| name | pop-routine-measure |
| description | Display routine measurement dashboard with metrics, costs, trends, and visualization |
| invocation_pattern | /popkit:routine (morning|nightly) --measure|show routine measurements|routine performance|routine metrics dashboard |
| tier | 1 |
| version | 1.1.0 |
Routine Measurement Dashboard
Tracks, visualizes, and reports context window usage, execution duration, tool call breakdown, and cost estimates during routine execution.
When to Use
Primary Use Cases:
- Auto-Measurement: Invoked AUTOMATICALLY when user includes
--measureflag in/popkit:routinecommands - Dashboard Display: Invoked when user requests viewing existing measurements
- Trend Analysis: Invoked when comparing measurements across multiple runs
# Auto-measurement during routine execution
/popkit:routine morning --measure
/popkit:routine morning run p-1 --measure
/popkit:routine nightly --measure
# Viewing existing measurements
show routine measurements
show measurements for morning routine
routine performance dashboard
How It Works
- Detect Flag: Parse command for
--measureflag - Start Tracking: Enable measurement via environment variable
- Initialize Tracker: Start
RoutineMeasurementTracker - Execute Routine: Run the routine normally (pk, p-1, etc.)

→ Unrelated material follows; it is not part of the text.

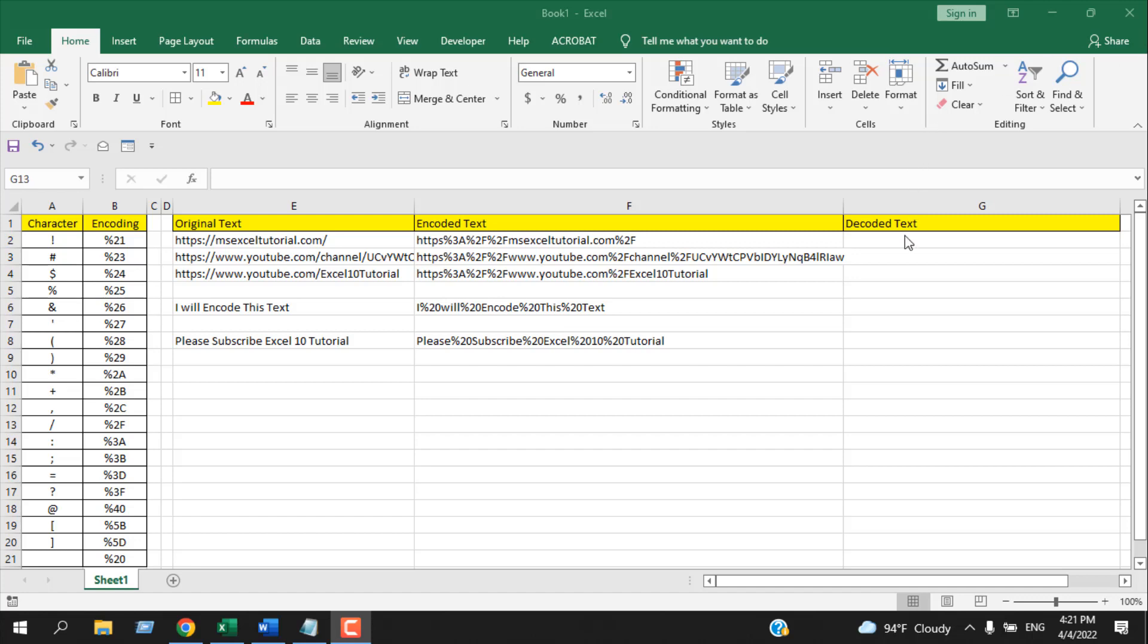How to decode text or URL in Microsoft Excel. Hello everyone, welcome to Excel 10 tutorial. In this advanced Excel tutorial, I'm going to show you how you can decode text or URL in Excel. Let's get started.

- Stop Tracking: Collect measurement data
- Format Report: Display detailed breakdown
- Save Data: Store JSON for analysis
Implementation Pattern
import os
import sys
sys.path.insert(0, "packages/plugin/hooks/utils")
from routine_measurement import (
RoutineMeasurementTracker,
enable_measurement,
disable_measurement,
format_measurement_report,
save_measurement
)
# 1. Enable measurement mode
enable_measurement()
# 2. Start tracker
tracker = RoutineMeasurementTracker()
tracker.start(routine_id="p-1", routine_name="PopKit Full Validation")
# 3. Execute routine
# Use Skill tool to invoke the actual routine
# Example: Skill(skill="pop-morning-routine", args="--routine p-1")

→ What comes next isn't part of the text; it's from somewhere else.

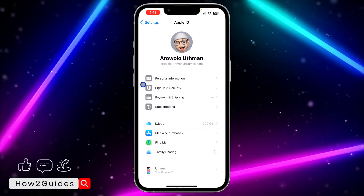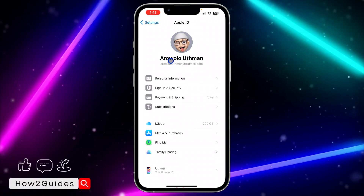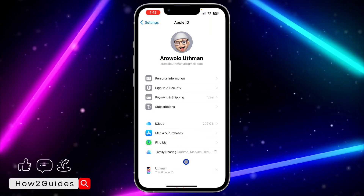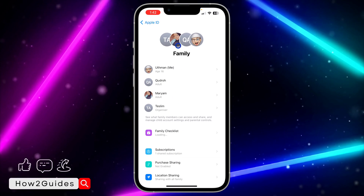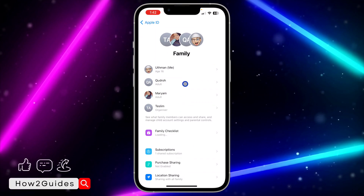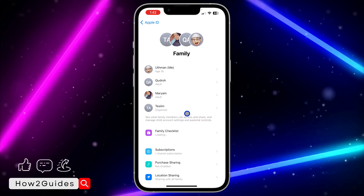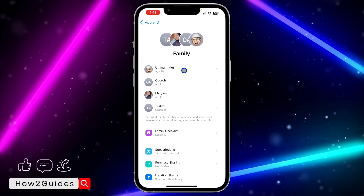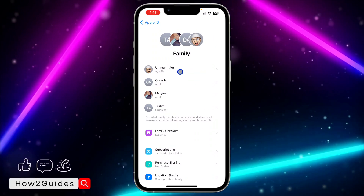Once it has loaded up, you are going to see the list of all the members in your Family Sharing. You can see all the list right here. If you want to leave, just click on your own name.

# 4. Stop tracker and get measurement
measurement = tracker.stop()
# 5. Disable measurement mode
disable_measurement()
# 6. Display report
if measurement:
report = format_measurement_report(measurement)
print(report)
# Save measurement data
saved_path = save_measurement(measurement)

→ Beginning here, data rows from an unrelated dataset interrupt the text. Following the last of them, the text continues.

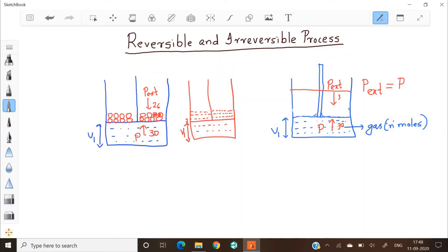Similarly, if I remove these weights one by one, the pressure outside will gradually decrease by small quantities. As a result, the gas molecules will start expanding very slowly and the piston will move upwards. At any stage, if I replace one of those removed weights, the outside pressure will increase and the piston will move downwards. Replacing yet another weight again increases the pressure and the piston moves downwards again.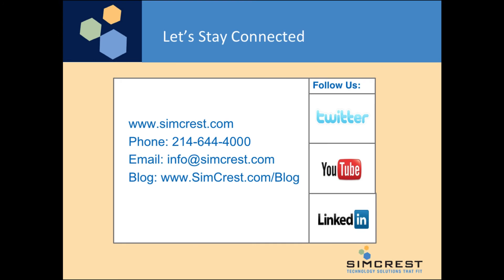Don't forget to stay connected with us. Subscribe to our YouTube channel, follow us on Twitter, find us on LinkedIn, go to our website, give us a call, email us, or check out our blog. We look forward to talking with you. Have a great day.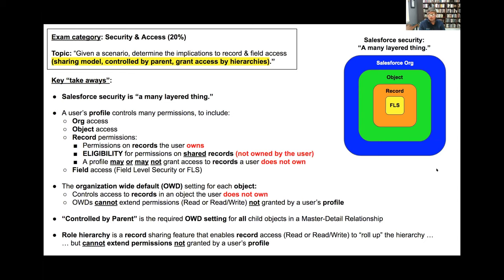And then you have field level security, which is the trump card. Even if you have view all data or modify all data permissions, if somebody has closed a field - credit card information, social security number, whatever - field level security wins. We'll be getting to those other things in future sessions. We'll also be looking at organization-wide defaults, which control access to records you don't own and cannot extend permissions that the profile does not grant. We'll also talk about control by parent and role hierarchies.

print(f"\nMeasurement data saved to: {saved_path}")
Tool Call Tracking
The post-tool-use.py hook automatically tracks tool calls when POPKIT_ROUTINE_MEASURE=true:
- Tracked Tools: All tools (Bash, Read, Grep, Write, Edit, Skill, etc.)
- Token Estimation: ~4 chars per token (rough approximation)
- Input/Output Split: 20% input, 80% output (heuristic)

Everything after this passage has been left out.